> [Work task]:
Please give again every entry exactly as it appears, setting aside the pictures.

::::

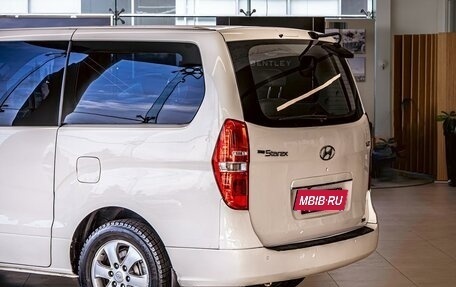 Hyundai Grand Starex Grand Starex I рестайлинг 2, 2015 год, 1 895 000 рублей, 10 фотография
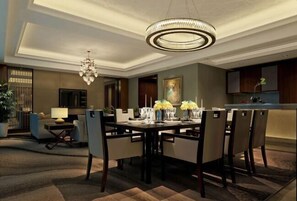 Enjoy meals in this inviting dining area with a large table and comfortable seating for six.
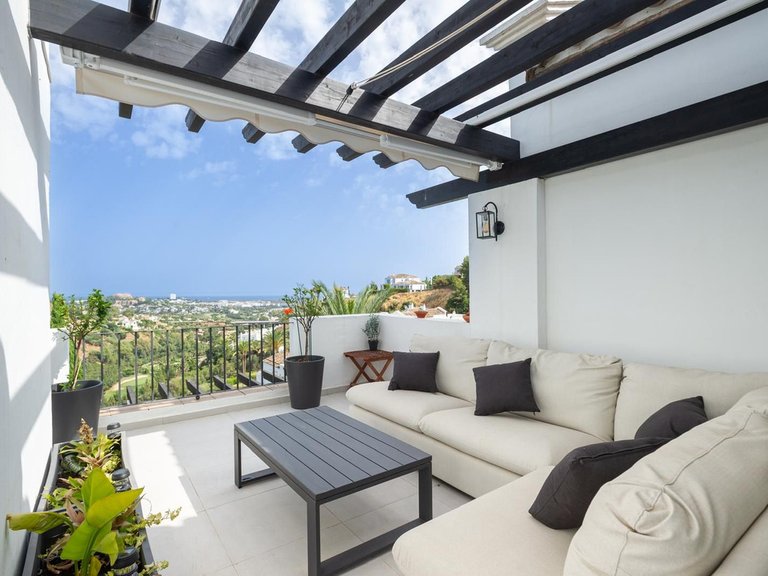 Apartment for Sale in La Quinta, Malaga 8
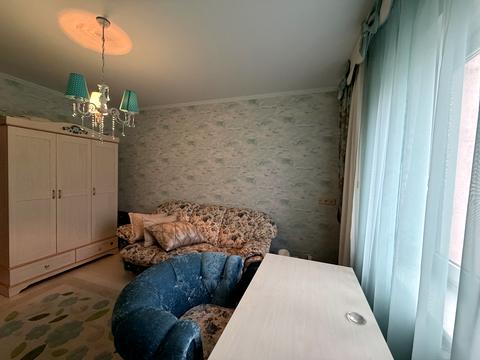 квартира за адресою Анни Ахматової вул., 15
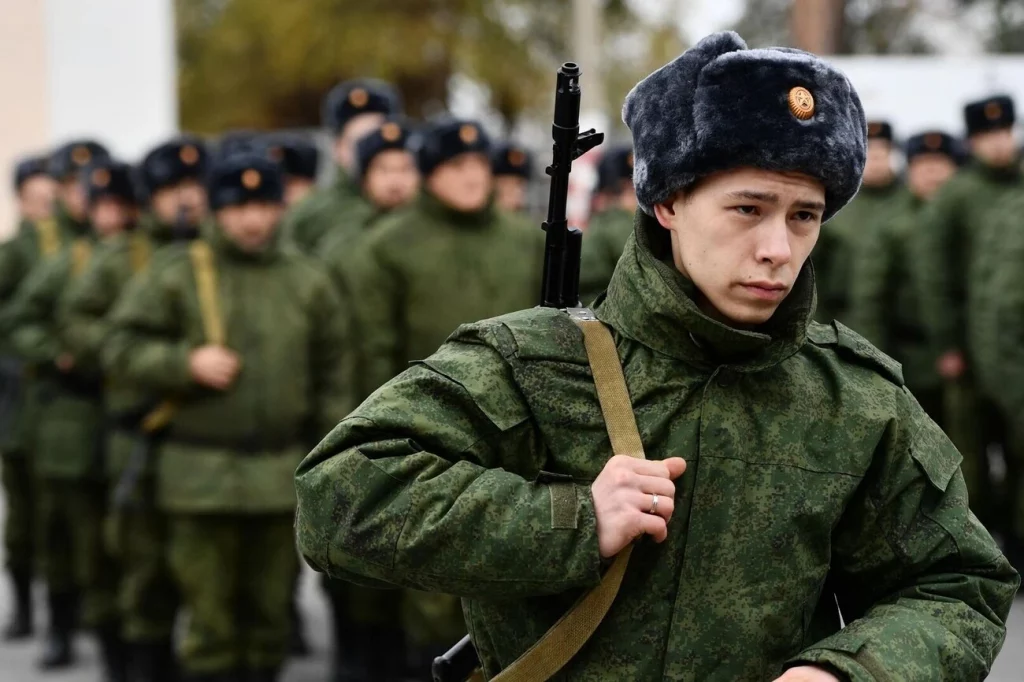 Стало відомо, скільки українських чоловіків з окупованих територій мобілізувались в армію РФ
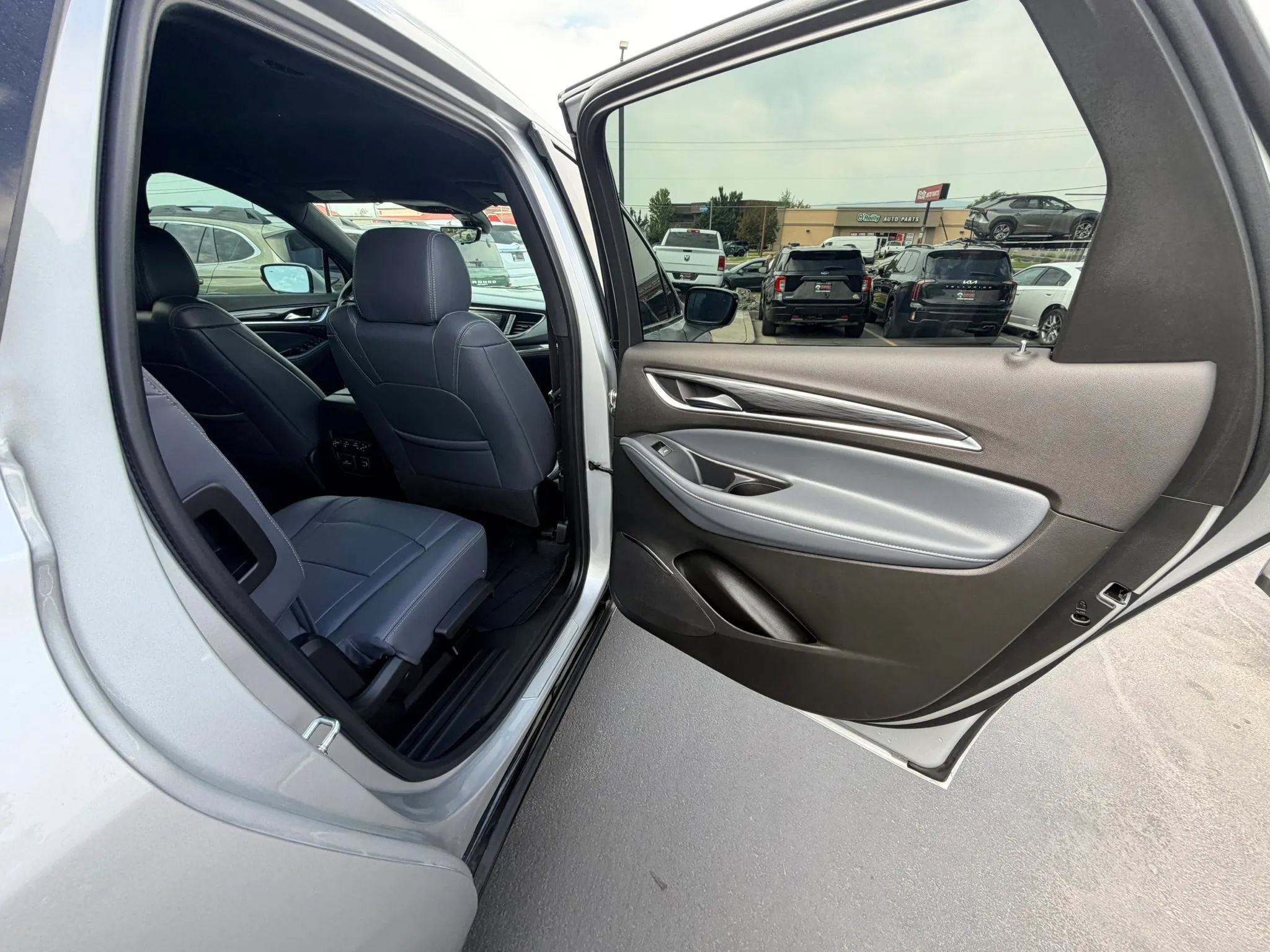 Used 2022 Buick Enclave Premium w/ Surround and Sites Package AWD/4WD image 24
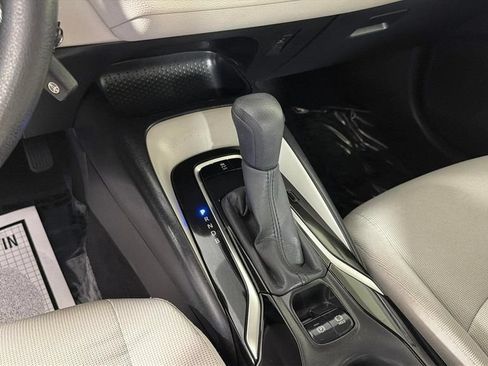 Used 2020 Toyota Corolla LE FWD image 23
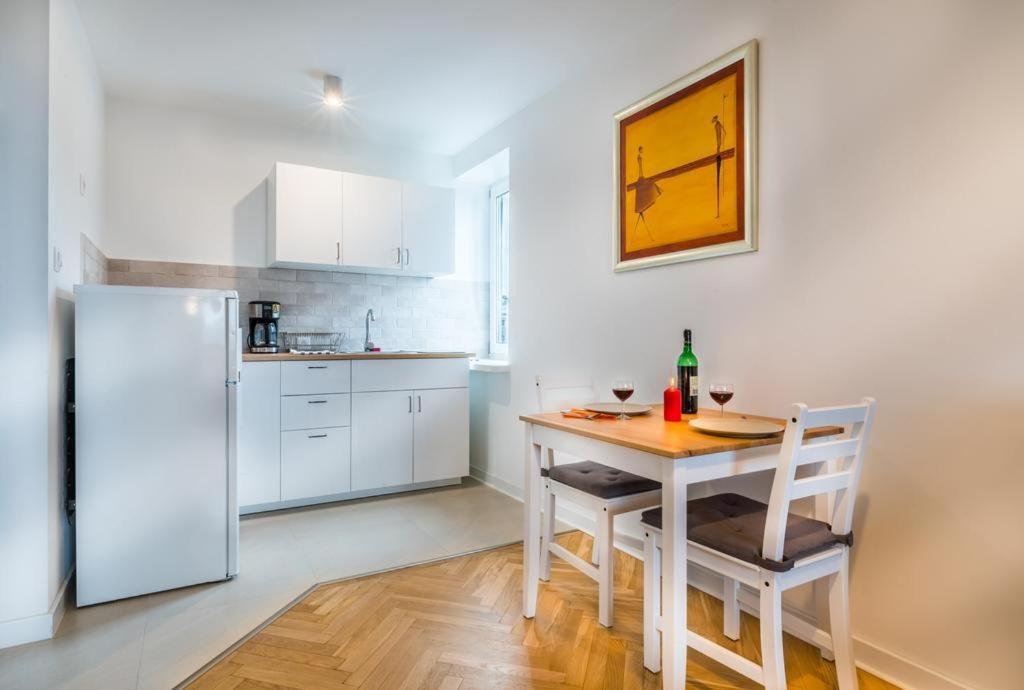 Apartment Center Warsaw- Smolna Warsaw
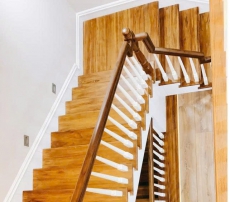 BẬC CẦU THANG TẾCH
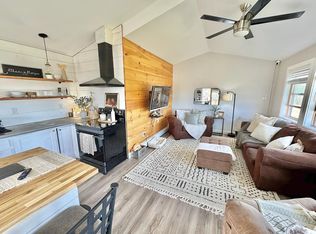 676 Cook Rd APT 2, Carmel, ME 04419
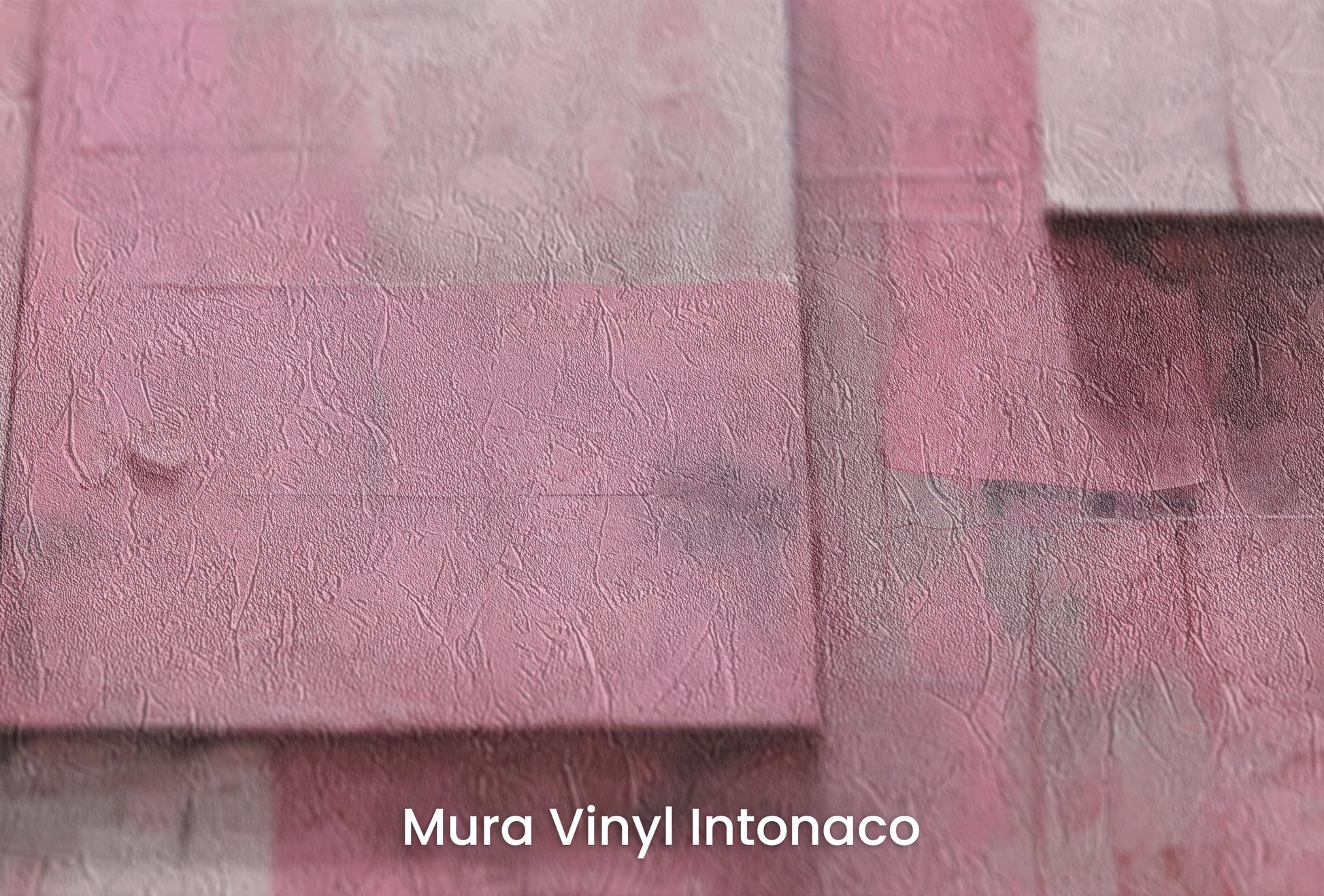 Zbliżenie na artystyczną fototapetę o nazwie Pink Bricks na podłożu Mura Vinyl Intonaco - struktura tartego tynku.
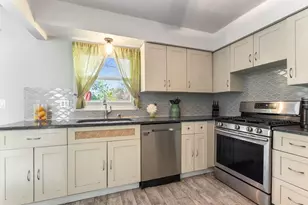 2040 Tiffany Dr, Schaumburg, IL 60194 - Photo 8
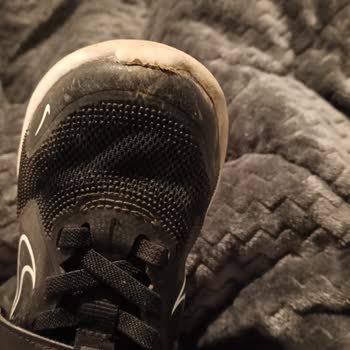 Nike Çocuk Yürüyüş Ayakkabısının Hızlı Bozulması Ve İade Talebi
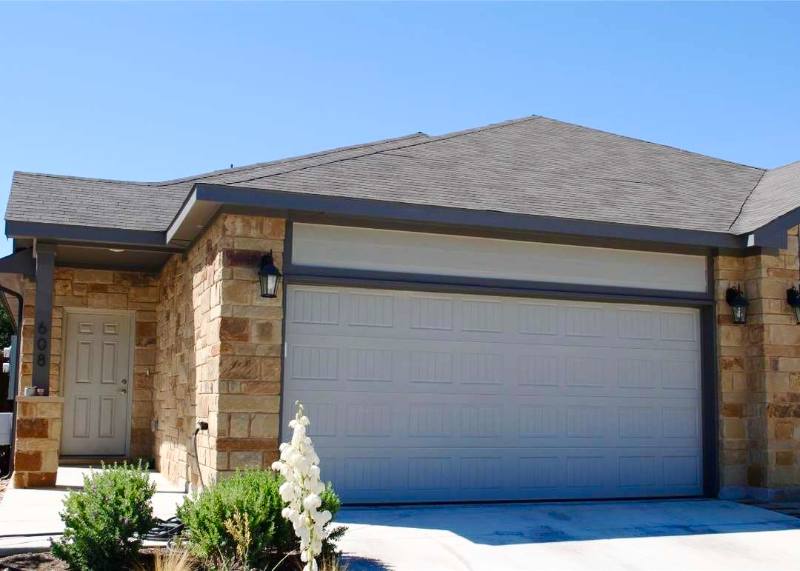 Condo for rent at 608 Parkline Dr, Georgetown, TX 78626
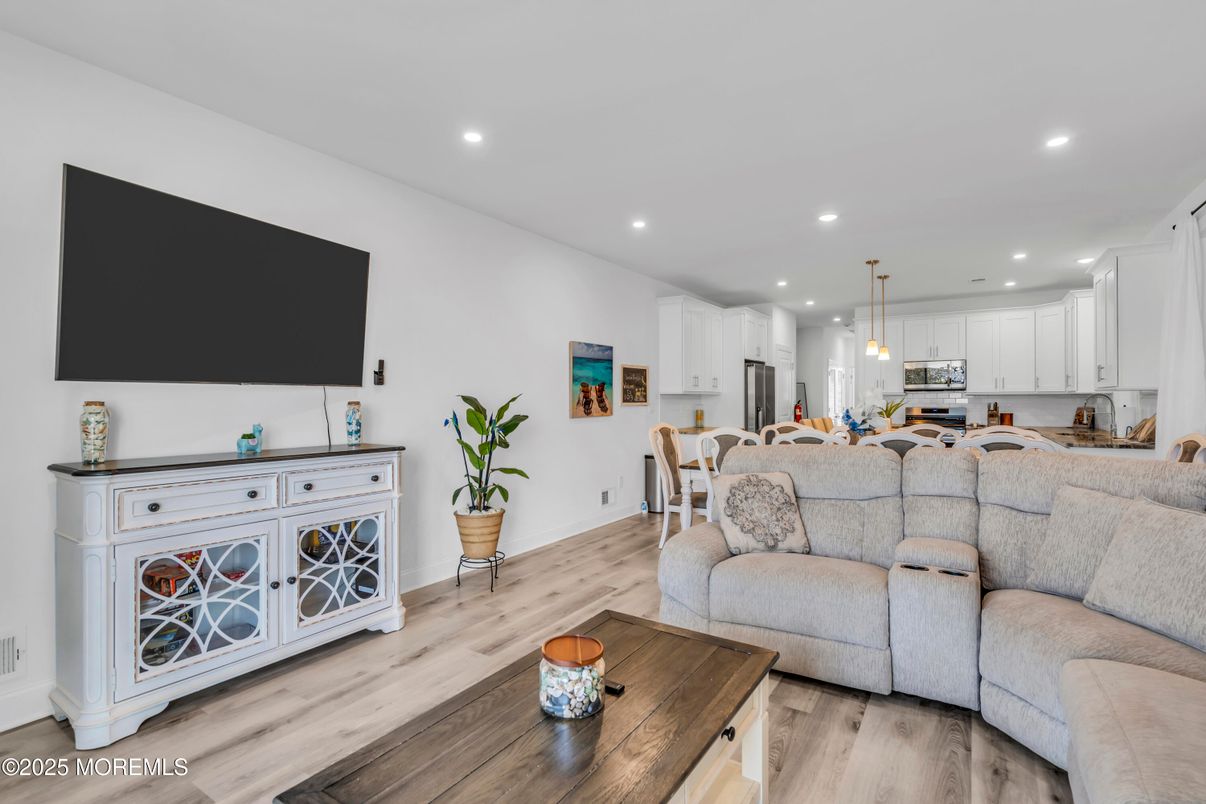 Dining room, Interior, Kitchen, Living room, Pendant Lights, Recessed Lighting, Wood Texture Flooring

::::

> [Answer for the task]:
 Hyundai Grand Starex Grand Starex I рестайлинг 2, 2015 год, 1 895 000 рублей, 10 фотография
 Enjoy meals in this inviting dining area with a large table and comfortable seating for six.
 Apartment for Sale in La Quinta, Malaga 8
 квартира за адресою Анни Ахматової вул., 15
 Стало відомо, скільки українських чоловіків з окупованих територій мобілізувались в армію РФ
 Used 2022 Buick Enclave Premium w/ Surround and Sites Package AWD/4WD image 24
 Used 2020 Toyota Corolla LE FWD image 23
 Apartment Center Warsaw- Smolna Warsaw
 BẬC CẦU THANG TẾCH
 676 Cook Rd APT 2, Carmel, ME 04419
 Zbliżenie na artystyczną fototapetę o nazwie Pink Bricks na podłożu Mura Vinyl Intonaco - struktura tartego tynku.
 2040 Tiffany Dr, Schaumburg, IL 60194 - Photo 8
 Nike Çocuk Yürüyüş Ayakkabısının Hızlı Bozulması Ve İade Talebi
 Condo for rent at 608 Parkline Dr, Georgetown, TX 78626
 Dining room, Interior, Kitchen, Living room, Pendant Lights, Recessed Lighting, Wood Texture Flooring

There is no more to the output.